(Entries provided begins)

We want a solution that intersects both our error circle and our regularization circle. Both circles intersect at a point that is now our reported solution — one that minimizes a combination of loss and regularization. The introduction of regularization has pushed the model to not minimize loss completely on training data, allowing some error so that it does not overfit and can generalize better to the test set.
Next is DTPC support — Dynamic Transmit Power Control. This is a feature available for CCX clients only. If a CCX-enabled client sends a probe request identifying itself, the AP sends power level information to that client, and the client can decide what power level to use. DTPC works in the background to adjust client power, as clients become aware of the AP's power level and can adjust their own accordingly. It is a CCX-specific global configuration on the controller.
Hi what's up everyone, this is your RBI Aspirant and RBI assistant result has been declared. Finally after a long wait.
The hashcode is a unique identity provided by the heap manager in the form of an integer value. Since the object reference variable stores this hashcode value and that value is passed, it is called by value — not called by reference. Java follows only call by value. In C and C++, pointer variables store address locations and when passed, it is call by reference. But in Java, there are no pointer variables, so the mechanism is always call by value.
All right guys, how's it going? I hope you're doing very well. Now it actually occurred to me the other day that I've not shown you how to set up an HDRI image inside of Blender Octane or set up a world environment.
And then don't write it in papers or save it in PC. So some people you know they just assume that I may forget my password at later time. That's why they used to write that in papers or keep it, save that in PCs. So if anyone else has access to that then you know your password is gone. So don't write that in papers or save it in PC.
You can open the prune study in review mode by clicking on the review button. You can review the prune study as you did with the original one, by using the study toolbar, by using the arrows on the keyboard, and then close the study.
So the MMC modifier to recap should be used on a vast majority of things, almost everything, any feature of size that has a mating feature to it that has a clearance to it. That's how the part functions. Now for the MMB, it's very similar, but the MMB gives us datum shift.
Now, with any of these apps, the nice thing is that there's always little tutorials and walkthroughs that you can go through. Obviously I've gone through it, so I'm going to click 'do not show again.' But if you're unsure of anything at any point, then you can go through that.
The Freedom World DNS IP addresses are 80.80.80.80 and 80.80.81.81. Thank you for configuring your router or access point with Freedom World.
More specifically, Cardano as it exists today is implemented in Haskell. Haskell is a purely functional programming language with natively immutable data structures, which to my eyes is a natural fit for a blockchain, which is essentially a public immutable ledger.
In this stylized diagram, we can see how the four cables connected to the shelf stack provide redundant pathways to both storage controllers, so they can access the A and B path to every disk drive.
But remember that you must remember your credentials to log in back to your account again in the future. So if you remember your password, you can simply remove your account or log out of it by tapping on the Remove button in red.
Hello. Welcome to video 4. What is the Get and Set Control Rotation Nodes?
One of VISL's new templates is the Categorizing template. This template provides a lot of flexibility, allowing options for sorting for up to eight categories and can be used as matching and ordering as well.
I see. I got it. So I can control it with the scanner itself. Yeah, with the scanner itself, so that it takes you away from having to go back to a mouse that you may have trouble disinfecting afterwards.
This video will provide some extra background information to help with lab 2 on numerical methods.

(Entries provided ends)

## [The task]
The response must contain every entry, each one identical to the original.

## [Solution for this exercise]
We want a solution that intersects both our error circle and our regularization circle. Both circles intersect at a point that is now our reported solution — one that minimizes a combination of loss and regularization. The introduction of regularization has pushed the model to not minimize loss completely on training data, allowing some error so that it does not overfit and can generalize better to the test set.
Next is DTPC support — Dynamic Transmit Power Control. This is a feature available for CCX clients only. If a CCX-enabled client sends a probe request identifying itself, the AP sends power level information to that client, and the client can decide what power level to use. DTPC works in the background to adjust client power, as clients become aware of the AP's power level and can adjust their own accordingly. It is a CCX-specific global configuration on the controller.
Hi what's up everyone, this is your RBI Aspirant and RBI assistant result has been declared. Finally after a long wait.
The hashcode is a unique identity provided by the heap manager in the form of an integer value. Since the object reference variable stores this hashcode value and that value is passed, it is called by value — not called by reference. Java follows only call by value. In C and C++, pointer variables store address locations and when passed, it is call by reference. But in Java, there are no pointer variables, so the mechanism is always call by value.
All right guys, how's it going? I hope you're doing very well. Now it actually occurred to me the other day that I've not shown you how to set up an HDRI image inside of Blender Octane or set up a world environment.
And then don't write it in papers or save it in PC. So some people you know they just assume that I may forget my password at later time. That's why they used to write that in papers or keep it, save that in PCs. So if anyone else has access to that then you know your password is gone. So don't write that in papers or save it in PC.
You can open the prune study in review mode by clicking on the review button. You can review the prune study as you did with the original one, by using the study toolbar, by using the arrows on the keyboard, and then close the study.
So the MMC modifier to recap should be used on a vast majority of things, almost everything, any feature of size that has a mating feature to it that has a clearance to it. That's how the part functions. Now for the MMB, it's very similar, but the MMB gives us datum shift.
Now, with any of these apps, the nice thing is that there's always little tutorials and walkthroughs that you can go through. Obviously I've gone through it, so I'm going to click 'do not show again.' But if you're unsure of anything at any point, then you can go through that.
The Freedom World DNS IP addresses are 80.80.80.80 and 80.80.81.81. Thank you for configuring your router or access point with Freedom World.
More specifically, Cardano as it exists today is implemented in Haskell. Haskell is a purely functional programming language with natively immutable data structures, which to my eyes is a natural fit for a blockchain, which is essentially a public immutable ledger.
In this stylized diagram, we can see how the four cables connected to the shelf stack provide redundant pathways to both storage controllers, so they can access the A and B path to every disk drive.
But remember that you must remember your credentials to log in back to your account again in the future. So if you remember your password, you can simply remove your account or log out of it by tapping on the Remove button in red.
Hello. Welcome to video 4. What is the Get and Set Control Rotation Nodes?
One of VISL's new templates is the Categorizing template. This template provides a lot of flexibility, allowing options for sorting for up to eight categories and can be used as matching and ordering as well.
I see. I got it. So I can control it with the scanner itself. Yeah, with the scanner itself, so that it takes you away from having to go back to a mouse that you may have trouble disinfecting afterwards.
This video will provide some extra background information to help with lab 2 on numerical methods.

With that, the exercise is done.